The problem -
Take the data below and copy exactly the lines starting at the one with "طهران تحذر وبريطانيا" and finishing at the one with "Bath - 26 Appleglen, Irvine, CA", both included.

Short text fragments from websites
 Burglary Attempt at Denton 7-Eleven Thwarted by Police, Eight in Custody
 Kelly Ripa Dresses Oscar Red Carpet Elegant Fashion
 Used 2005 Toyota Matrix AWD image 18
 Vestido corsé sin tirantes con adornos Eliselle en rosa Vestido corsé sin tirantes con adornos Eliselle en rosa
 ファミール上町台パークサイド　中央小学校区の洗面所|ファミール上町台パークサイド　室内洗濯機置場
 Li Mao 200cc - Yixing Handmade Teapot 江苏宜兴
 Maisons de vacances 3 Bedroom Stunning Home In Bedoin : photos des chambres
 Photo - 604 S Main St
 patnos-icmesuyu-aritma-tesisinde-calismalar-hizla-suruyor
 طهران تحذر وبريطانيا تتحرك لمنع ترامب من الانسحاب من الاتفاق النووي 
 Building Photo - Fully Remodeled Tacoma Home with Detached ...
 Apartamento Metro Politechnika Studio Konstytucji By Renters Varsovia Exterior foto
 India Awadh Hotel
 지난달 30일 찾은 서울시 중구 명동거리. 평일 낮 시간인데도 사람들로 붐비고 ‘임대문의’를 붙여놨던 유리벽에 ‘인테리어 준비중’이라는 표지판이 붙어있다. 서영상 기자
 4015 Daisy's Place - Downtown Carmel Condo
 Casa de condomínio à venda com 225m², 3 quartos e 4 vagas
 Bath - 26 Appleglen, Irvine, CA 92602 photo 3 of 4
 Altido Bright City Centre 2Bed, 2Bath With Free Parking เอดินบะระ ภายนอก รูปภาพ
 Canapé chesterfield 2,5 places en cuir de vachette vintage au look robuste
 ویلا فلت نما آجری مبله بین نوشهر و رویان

Answer space -
 طهران تحذر وبريطانيا تتحرك لمنع ترامب من الانسحاب من الاتفاق النووي 
 Building Photo - Fully Remodeled Tacoma Home with Detached ...
 Apartamento Metro Politechnika Studio Konstytucji By Renters Varsovia Exterior foto
 India Awadh Hotel
 지난달 30일 찾은 서울시 중구 명동거리. 평일 낮 시간인데도 사람들로 붐비고 ‘임대문의’를 붙여놨던 유리벽에 ‘인테리어 준비중’이라는 표지판이 붙어있다. 서영상 기자
 4015 Daisy's Place - Downtown Carmel Condo
 Casa de condomínio à venda com 225m², 3 quartos e 4 vagas
 Bath - 26 Appleglen, Irvine, CA 92602 photo 3 of 4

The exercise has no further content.